Advent of Code 2024 Day 25

Part 1

A cool way to end the year

This seems like a fun challenge. And one I am excited to attempt.

The first thing I notice is:

• The example input separates locks and keys
• My puzzle input does not

So, my algorithm will need to be extra attentive when classifying them.

As per the explanation, I intend to store each lock and key as an array of numbers representing each column height.

Maybe from there I can write an algorithm that does this:

For each lock
  For each column
    Further filter the list of keys to those with 5 - N height
    in this column, where N is the lock column's height
  Any remaining keys are winners

That seems like it could work.

I'm excited to try coding it!

Writing my lock-key matching algorithm

Processing the input into two lists that each contain 5-digit lists:

input = input.split('\n\n').reduce((group, item) => {
    item = item.split('\n').map(line => line.split(''))
    if (item[0].every(el => el == '#')) {
        // Lock
        let digits = []
        for (let i = 0; i < 5; i++) {
            let tally = 0
            while (item[tally + 1][i] == "#") {
                tally++
            }
            digits.push(tally)
        }
        group[0].push(digits)
    } else if (item[0].every(el => el == '.')) {
        // Key
        let digits = []
        for (let i = 0; i < 5; i++) {
            let tally = 0
            while (item[5 - tally][i] == "#") {
                tally++
            }
            digits.push(tally)
        }
        group[1].push(digits)
    }
    return group
}, [[],[]])

I'm proud of both for and nested while loops that walk down and up each column to determine the height.

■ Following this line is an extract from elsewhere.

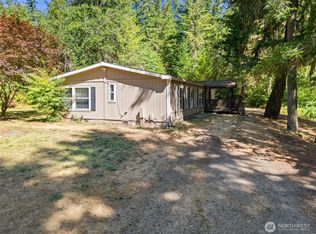 16419 118th Street NW, Gig Harbor, WA 98329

As expected, my reduce generates two lists, each one containing 5-digit arrays:

[ [ 0, 5, 3, 4, 3 ], [ 1, 2, 0, 5, 3 ] ] 
[ [ 5, 0, 2, 1, 3 ], [ 4, 3, 4, 0, 2 ], [ 3, 0, 2, 0, 1 ] ]

Now for the fun part: matching keys with locks.

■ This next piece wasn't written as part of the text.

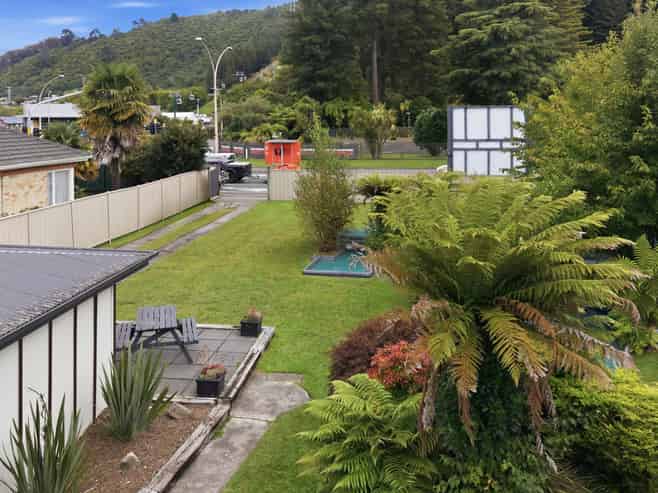 165 Fairy Springs Road, Fairy Springs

Comparing most keys to every lock

I have a list of locks and a list of keys.

What I intend to do:

For each lock
  Further filter the list of keys
  Based on the number in each column
  Until only keys that fit the lock remain
  Increment a running tally of valid keys

That should get me the correct answer for Part 1.

It would certainly work to get the correct answer for the example input.

Now, to write the algorithm as code:

let tally = 0
locks.forEach(lock => {
    tally += lock.reduce((keysRemaining, digit, index) => {
        return keysRemaining.filter(item => item[index] <= 5 - digit)
    }, keys.map(el => el.slice())).length
})

Could it really be that simple?

Here's what I'm doing:

• Initialize a value to count all valid keys
• Iterate through each lock
• Increment the tally based on how long the final list of keys is after filtering it five times - once for each digit

When running it on the example input, I get 3, the correct answer.

I'm tempted to just run it on my puzzle input.

Worst case, I get a wrong submission and only have 3 more attempts to point me in the right direction.

I'm gonna do it!

Running on my puzzle input

What will it output?

...

A number in the low thousands.

Seems...right?

Time to submit.

...

It was correct!

Woohoo!!!

Year in review

I matched my lowest score in a year: 34.

Given that this year seemed like the hardest one, I'm very proud I didn't set a new lowest score.

As for all time scores:

382/500 is 76.4% or a strong C.

That's been my average this entire journey thus far.

This was another real fun year with interesting new puzzles.

Up next, 2025!

Thanks again for reading.